Dirk Albersmeier, global co-head of M&A at JPMorgan, comments: “For PE, they are still looking to do deals, but they will be different.”

Add-on deals

One obvious example of the shift, particularly in the US markets (which account for 42% of global M&A deals) is a shift in focus towards so-called add-on transactions, that is adding a smaller firm onto an existing company, rather than platform deals, which are foundational investments in a particular industry area. According to Pitchbook data, as of the end of the third quarter 2022, add-ons as a share of PE buyout deals in the US accounted for 77.9% of activity.

“They’re not doing as many platform acquisitions anymore, because it’s harder to borrow,” says Mr Clarke, so in the meantime “they are tending to their garden” and focusing on improving what they already have in their portfolios.

However, in terms of the bigger ticket deals, this pace has slowed. “There’s clearly a bit of a pause right now, which is driven by everyone trying to understand the ‘new normal’ and to be able to get a clearer view, at least over a couple of quarters, of how the markets are likely to look,” says Vito Sperduto, co-head of global M&A at RBC Capital Markets.

It is often said that M&A is a confidence industry, and with significant uncertainty remaining about the trajectory of the global economy, there is some understandable hesitancy from both buyers and financiers to do large deals at present. 

Debt markets constrained

“The traditional sources of financing that PE firms have relied on, in terms of debt from financial institutions, have become constrained, with deals being looked at very selectively,” says Mr Sperduto. “With current situations, there is likely to be a long period between transactions being signed and closing, and with a volatile market in between, it makes it really difficult to price that risk.”

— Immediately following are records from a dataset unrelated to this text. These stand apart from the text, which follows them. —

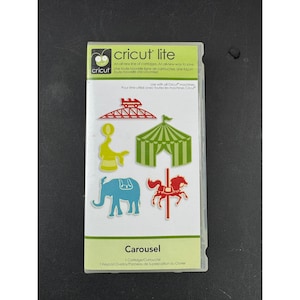 Puede incluir: Un juego de cartuchos Cricut Lite con recortes con temática de carrusel. El juego incluye imágenes coloridas de una carpa de circo, un caballo de carrusel, un elefante y otros diseños relacionados con el carnaval. El paquete también incluye el texto "Carousel" y "1 Cartridge/Cartouche".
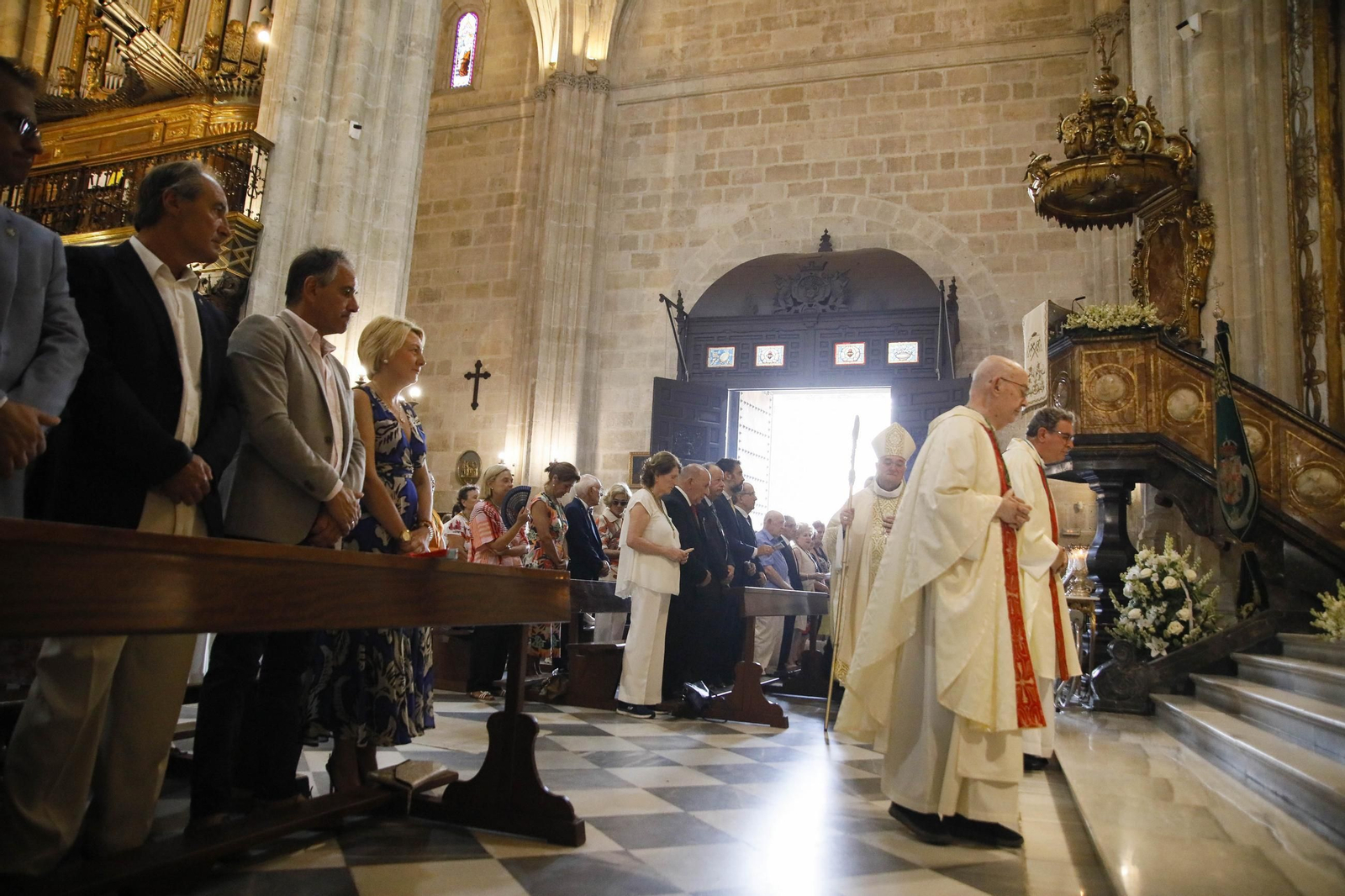 Las imágenes de la santa misa estacional presidida por el obispo de Almería, con la interpretación de Anacrusa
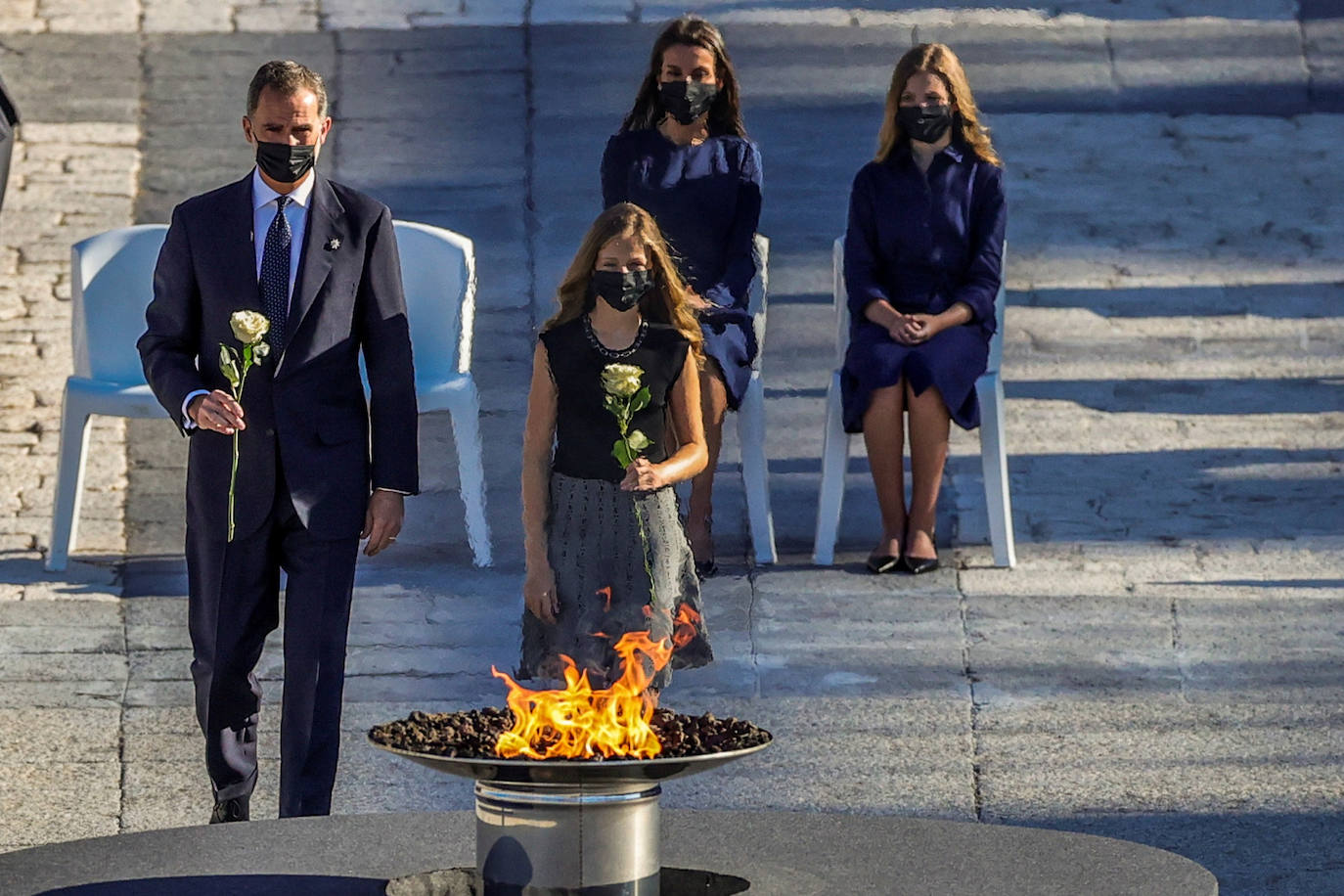 La princesa Leonor, junto su padre, el rey Felipe VI, el 16 de julio de 2019, en la ofrenda floral en el pebetero central, ante la mirada de la reina Letizia (detrás-2d) y la infanta Sofía (detrás-d), durante el homenaje de Estado a las víctimas de la pandemia de coronavirus y a los colectivos que le hicieron frente en primera línea, celebrado en el Patio de la Armería del Palacio Real.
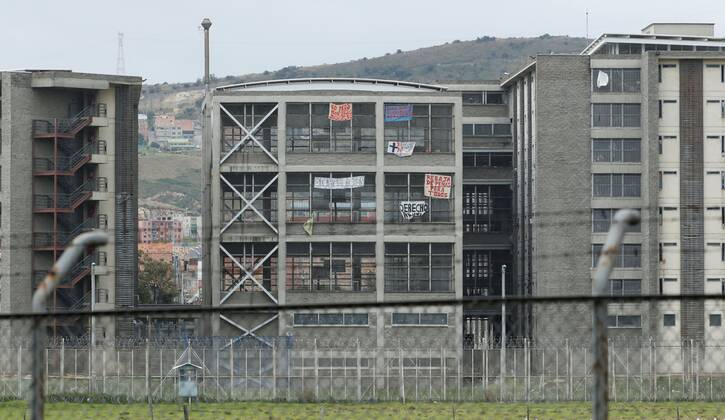 Coronavirus in Kolumbien, Eindrücke aus Bogota General view of La Picota prison in Bogota, Colombia, 23 April 2020. The La Picota prison in the Colombian capital reports two cases of coronavirus contagion, at a time when the authorities attention turned to the situation in the country s prisons, especially that of the city of Villavicencio, one of the main outbreaks of COVID-19 in the country, with nearly 100 infected and three deaths. The coronavirus affects two people inside the La Picota prison in Bogota !ACHTUNG: NUR REDAKTIONELLE NUTZUNG!  Copyright: xMauricioxDuenasxCastanedax AME5308 20200424-637232900443463513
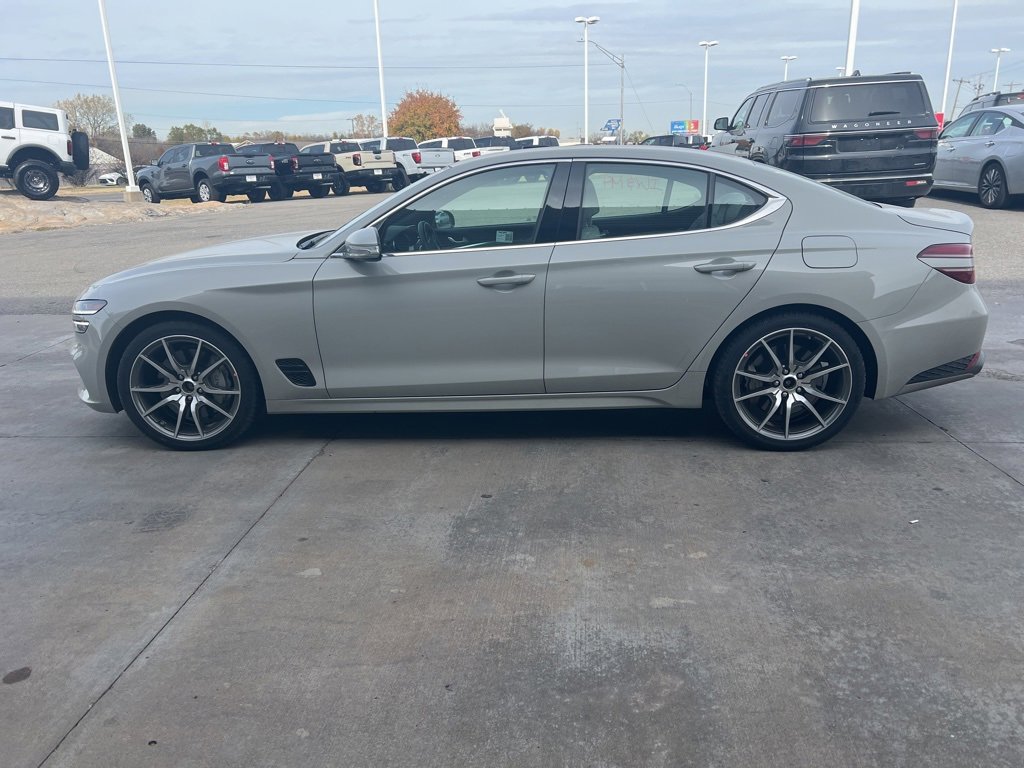 Used 2025 Genesis G70 2.5T image 8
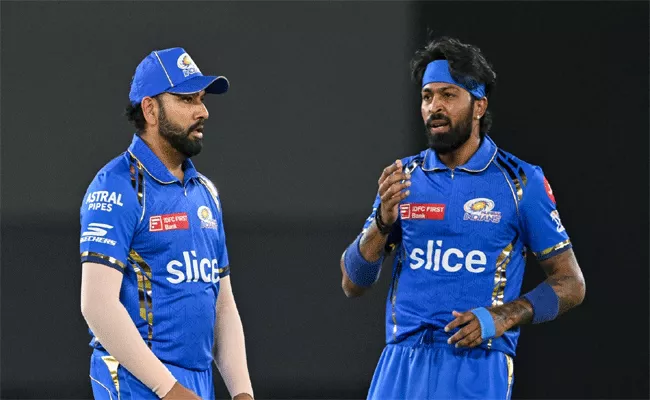 Mumbai Indians Should Sack Hardik Pandya: Aakash Chopras Post Goes Viral - Sakshi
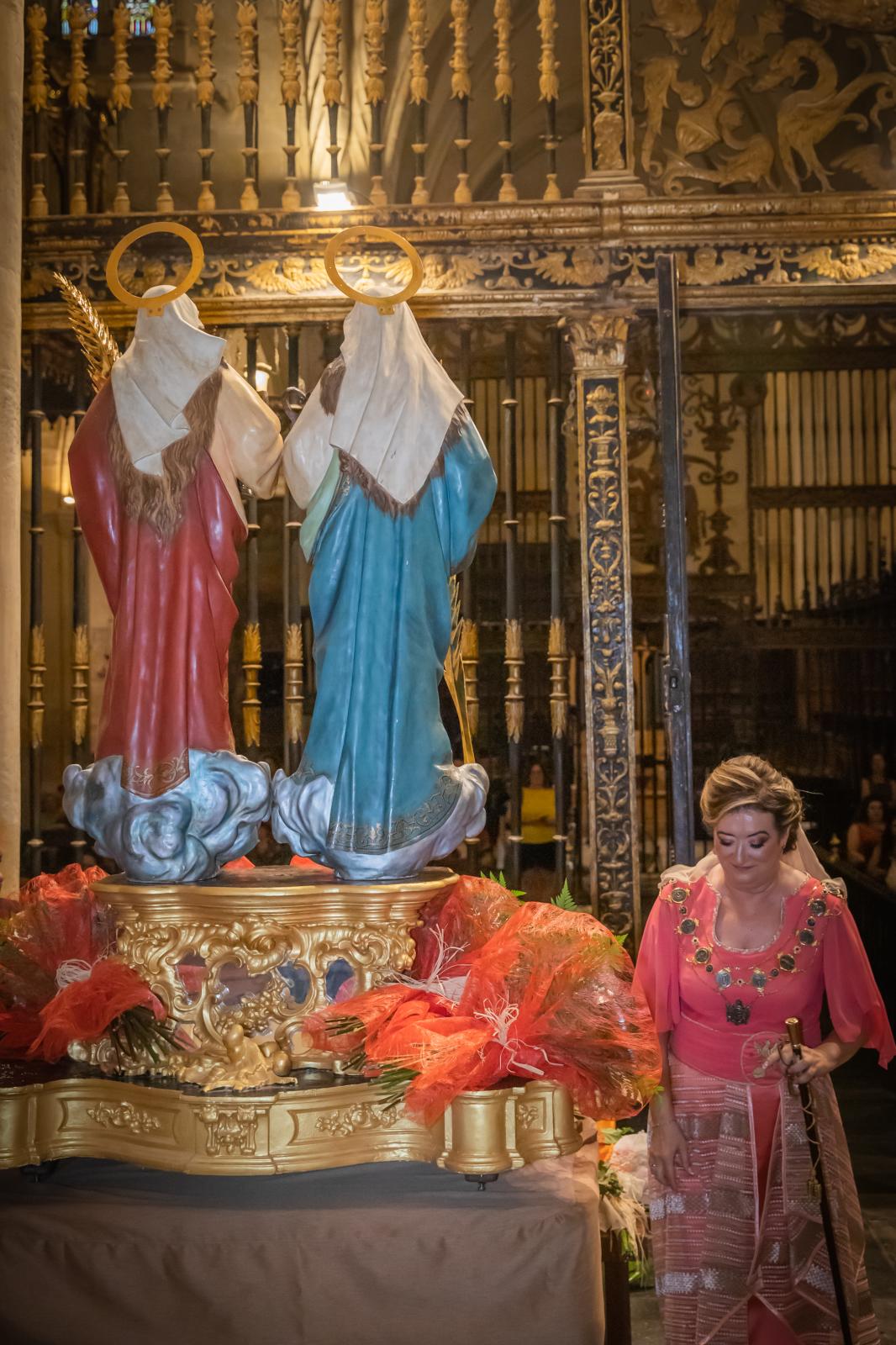 La ofrenda de flores de los Moros y Cristianos de Orihuela, en imágenes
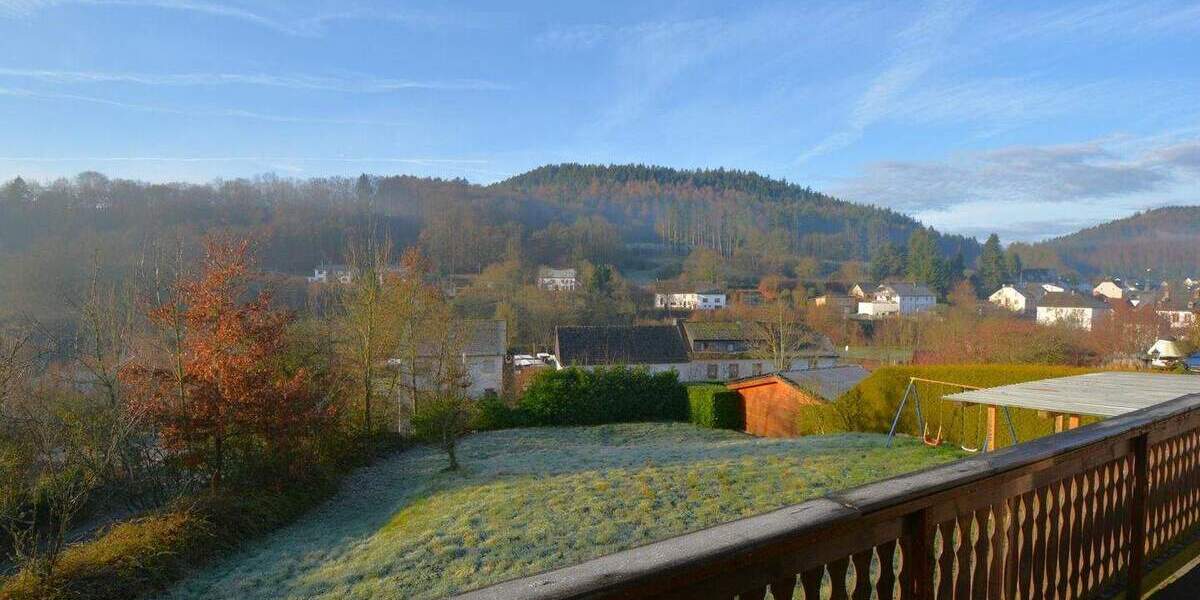 Ruhig gelegenes Wohnhaus mit Balkon, Terrasse, Garage, Carport und Aussicht in Gerolstein-Müllenborn 5 zimmer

There is also the challenge for larger banks that provided financing for buyouts earlier in the cycle, when the debt markets were at different levels and asset values were higher, but where the deal has only just closed. They may now be carrying debt on their books that they may not be able to syndicate, or syndicate at a competitive value in the current market. The $12.7bn financing package for Elon Musk’s purchase of Twitter is an example of this, where several media reports have suggested that the banks that provided debt financing for that deal have accepted they may need to keep it on their books until market conditions improve.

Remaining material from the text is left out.